TASK GOAL: Find the lines in the records that carry the word "Highlander". Copy each one.

Short descriptive text snippets
+ + + + + + +
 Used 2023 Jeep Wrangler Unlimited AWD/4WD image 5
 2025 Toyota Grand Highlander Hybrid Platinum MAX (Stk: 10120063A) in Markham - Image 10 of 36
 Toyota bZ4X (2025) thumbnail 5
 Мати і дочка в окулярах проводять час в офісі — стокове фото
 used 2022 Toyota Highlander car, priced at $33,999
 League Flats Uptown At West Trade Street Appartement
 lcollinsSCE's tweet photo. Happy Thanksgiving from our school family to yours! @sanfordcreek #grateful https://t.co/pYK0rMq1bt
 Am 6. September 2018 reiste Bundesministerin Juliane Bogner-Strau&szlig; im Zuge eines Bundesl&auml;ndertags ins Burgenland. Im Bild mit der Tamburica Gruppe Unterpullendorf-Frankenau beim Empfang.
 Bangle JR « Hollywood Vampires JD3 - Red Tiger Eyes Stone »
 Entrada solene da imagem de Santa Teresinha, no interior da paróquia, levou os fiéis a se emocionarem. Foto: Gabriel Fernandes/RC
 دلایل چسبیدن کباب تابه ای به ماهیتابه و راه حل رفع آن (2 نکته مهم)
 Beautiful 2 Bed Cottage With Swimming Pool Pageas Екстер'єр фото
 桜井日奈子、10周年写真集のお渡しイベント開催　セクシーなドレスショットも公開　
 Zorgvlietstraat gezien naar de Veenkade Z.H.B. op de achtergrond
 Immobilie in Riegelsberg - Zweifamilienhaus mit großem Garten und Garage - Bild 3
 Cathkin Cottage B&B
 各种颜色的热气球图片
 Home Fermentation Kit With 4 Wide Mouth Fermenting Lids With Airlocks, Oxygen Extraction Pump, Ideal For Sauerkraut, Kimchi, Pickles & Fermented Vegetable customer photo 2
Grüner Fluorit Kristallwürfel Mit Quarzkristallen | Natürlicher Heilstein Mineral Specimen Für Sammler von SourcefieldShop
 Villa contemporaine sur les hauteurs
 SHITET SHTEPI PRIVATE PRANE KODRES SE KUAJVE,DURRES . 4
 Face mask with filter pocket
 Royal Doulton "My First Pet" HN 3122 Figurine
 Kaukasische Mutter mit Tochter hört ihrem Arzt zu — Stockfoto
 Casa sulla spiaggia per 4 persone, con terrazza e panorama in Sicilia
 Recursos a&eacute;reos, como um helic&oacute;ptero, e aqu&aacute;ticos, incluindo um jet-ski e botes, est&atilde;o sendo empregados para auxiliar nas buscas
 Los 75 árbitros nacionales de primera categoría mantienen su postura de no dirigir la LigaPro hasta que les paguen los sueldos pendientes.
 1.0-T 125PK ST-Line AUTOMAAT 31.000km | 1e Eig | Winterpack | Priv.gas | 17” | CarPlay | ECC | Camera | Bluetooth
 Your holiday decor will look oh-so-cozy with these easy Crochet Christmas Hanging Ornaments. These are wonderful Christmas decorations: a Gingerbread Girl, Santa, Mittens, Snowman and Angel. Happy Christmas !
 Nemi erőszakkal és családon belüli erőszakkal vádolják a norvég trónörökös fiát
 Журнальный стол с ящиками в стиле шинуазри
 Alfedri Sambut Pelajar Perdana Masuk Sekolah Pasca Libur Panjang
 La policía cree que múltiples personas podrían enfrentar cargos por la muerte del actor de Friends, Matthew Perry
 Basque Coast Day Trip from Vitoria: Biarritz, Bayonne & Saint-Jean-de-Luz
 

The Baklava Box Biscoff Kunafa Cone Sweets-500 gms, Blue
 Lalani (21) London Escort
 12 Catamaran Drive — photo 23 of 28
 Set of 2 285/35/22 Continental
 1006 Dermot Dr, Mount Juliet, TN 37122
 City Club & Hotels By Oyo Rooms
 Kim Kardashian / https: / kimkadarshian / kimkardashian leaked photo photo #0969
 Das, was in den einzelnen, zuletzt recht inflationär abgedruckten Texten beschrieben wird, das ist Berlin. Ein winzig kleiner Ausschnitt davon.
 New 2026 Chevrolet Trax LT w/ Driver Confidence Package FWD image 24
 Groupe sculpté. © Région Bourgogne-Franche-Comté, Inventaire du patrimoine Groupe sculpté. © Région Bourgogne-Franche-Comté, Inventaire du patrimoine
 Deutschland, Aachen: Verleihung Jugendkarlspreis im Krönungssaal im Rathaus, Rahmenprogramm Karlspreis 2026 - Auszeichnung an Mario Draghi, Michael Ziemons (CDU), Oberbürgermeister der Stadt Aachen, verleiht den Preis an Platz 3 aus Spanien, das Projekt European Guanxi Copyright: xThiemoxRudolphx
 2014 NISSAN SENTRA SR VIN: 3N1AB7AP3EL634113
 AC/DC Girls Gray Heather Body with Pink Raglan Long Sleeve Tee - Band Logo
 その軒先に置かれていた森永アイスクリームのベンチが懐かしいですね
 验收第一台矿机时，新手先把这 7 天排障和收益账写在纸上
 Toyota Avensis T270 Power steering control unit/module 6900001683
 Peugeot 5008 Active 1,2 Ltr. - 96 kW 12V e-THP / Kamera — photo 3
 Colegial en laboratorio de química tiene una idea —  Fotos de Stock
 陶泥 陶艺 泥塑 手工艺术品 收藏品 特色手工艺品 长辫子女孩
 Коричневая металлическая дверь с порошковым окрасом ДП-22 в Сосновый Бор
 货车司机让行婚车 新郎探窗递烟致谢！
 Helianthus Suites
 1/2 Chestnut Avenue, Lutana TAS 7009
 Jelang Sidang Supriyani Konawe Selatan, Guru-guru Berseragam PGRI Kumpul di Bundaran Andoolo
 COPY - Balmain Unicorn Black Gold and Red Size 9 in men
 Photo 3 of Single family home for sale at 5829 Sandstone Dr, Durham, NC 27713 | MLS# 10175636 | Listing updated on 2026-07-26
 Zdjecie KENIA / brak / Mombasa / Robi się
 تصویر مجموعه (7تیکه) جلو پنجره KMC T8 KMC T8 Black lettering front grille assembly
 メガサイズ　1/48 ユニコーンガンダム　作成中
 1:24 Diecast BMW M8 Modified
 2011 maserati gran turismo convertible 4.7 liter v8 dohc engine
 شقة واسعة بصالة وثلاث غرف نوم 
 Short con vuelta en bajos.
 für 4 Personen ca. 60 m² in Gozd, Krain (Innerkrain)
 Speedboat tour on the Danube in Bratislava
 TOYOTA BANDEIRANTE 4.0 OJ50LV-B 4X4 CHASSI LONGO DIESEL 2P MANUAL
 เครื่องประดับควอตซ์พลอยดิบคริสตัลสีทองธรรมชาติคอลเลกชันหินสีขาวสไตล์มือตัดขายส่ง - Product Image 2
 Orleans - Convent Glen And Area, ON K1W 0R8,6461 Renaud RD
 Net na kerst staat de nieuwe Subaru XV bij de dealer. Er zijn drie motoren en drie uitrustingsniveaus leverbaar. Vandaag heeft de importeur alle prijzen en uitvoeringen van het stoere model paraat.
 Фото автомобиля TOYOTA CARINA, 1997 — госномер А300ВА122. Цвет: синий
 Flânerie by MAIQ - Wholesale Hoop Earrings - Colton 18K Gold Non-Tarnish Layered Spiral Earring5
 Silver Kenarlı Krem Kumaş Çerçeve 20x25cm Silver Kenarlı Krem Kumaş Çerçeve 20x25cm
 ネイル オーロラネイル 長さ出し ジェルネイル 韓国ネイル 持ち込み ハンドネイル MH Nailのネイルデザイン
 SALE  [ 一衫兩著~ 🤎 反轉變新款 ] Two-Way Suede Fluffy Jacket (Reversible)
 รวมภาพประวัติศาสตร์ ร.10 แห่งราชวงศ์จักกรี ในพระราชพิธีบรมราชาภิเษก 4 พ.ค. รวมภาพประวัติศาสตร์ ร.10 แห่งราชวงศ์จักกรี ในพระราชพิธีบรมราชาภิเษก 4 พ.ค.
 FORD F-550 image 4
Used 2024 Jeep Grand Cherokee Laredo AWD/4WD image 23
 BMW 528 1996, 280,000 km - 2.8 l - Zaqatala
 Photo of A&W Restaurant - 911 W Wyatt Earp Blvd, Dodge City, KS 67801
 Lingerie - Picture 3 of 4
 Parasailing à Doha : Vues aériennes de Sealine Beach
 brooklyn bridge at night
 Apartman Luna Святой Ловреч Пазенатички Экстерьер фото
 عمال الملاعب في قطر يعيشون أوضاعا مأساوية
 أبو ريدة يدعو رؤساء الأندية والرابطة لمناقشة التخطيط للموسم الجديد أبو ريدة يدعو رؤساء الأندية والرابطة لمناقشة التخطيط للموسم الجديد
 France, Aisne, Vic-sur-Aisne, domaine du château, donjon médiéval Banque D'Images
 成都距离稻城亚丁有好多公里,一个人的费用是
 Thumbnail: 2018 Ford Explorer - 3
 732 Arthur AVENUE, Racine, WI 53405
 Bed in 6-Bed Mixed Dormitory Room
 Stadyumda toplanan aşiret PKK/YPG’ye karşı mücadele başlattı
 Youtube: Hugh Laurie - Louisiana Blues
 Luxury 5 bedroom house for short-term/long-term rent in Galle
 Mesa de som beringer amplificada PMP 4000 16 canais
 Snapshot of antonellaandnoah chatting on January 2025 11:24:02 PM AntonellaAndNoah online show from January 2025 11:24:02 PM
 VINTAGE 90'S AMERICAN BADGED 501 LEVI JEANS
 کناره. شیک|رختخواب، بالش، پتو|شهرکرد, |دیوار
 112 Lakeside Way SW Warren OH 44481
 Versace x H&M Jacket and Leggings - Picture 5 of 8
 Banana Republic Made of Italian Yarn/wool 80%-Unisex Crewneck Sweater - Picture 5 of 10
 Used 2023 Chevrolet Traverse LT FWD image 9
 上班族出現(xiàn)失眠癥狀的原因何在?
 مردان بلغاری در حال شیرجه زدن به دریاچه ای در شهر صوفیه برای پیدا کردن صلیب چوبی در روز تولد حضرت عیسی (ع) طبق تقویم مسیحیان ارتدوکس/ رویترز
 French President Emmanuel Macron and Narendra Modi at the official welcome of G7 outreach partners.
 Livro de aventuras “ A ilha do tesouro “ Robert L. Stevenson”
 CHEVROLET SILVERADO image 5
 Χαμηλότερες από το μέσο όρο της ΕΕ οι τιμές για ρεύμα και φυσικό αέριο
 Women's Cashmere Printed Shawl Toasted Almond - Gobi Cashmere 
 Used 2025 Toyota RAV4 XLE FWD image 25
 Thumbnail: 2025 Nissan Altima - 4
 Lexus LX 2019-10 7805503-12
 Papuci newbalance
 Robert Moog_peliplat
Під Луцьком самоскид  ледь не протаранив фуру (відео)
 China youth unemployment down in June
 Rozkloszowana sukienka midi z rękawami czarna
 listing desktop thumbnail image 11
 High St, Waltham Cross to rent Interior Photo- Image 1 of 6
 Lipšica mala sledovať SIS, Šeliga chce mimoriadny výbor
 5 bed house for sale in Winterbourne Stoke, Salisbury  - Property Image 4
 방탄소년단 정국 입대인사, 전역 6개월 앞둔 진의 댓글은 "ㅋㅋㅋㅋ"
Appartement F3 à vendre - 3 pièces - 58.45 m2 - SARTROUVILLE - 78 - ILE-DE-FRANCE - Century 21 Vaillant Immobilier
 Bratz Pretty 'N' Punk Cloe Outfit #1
+ + + + + + +
OUTPUT OF THE TASK:
 2025 Toyota Grand Highlander Hybrid Platinum MAX (Stk: 10120063A) in Markham - Image 10 of 36
 used 2022 Toyota Highlander car, priced at $33,999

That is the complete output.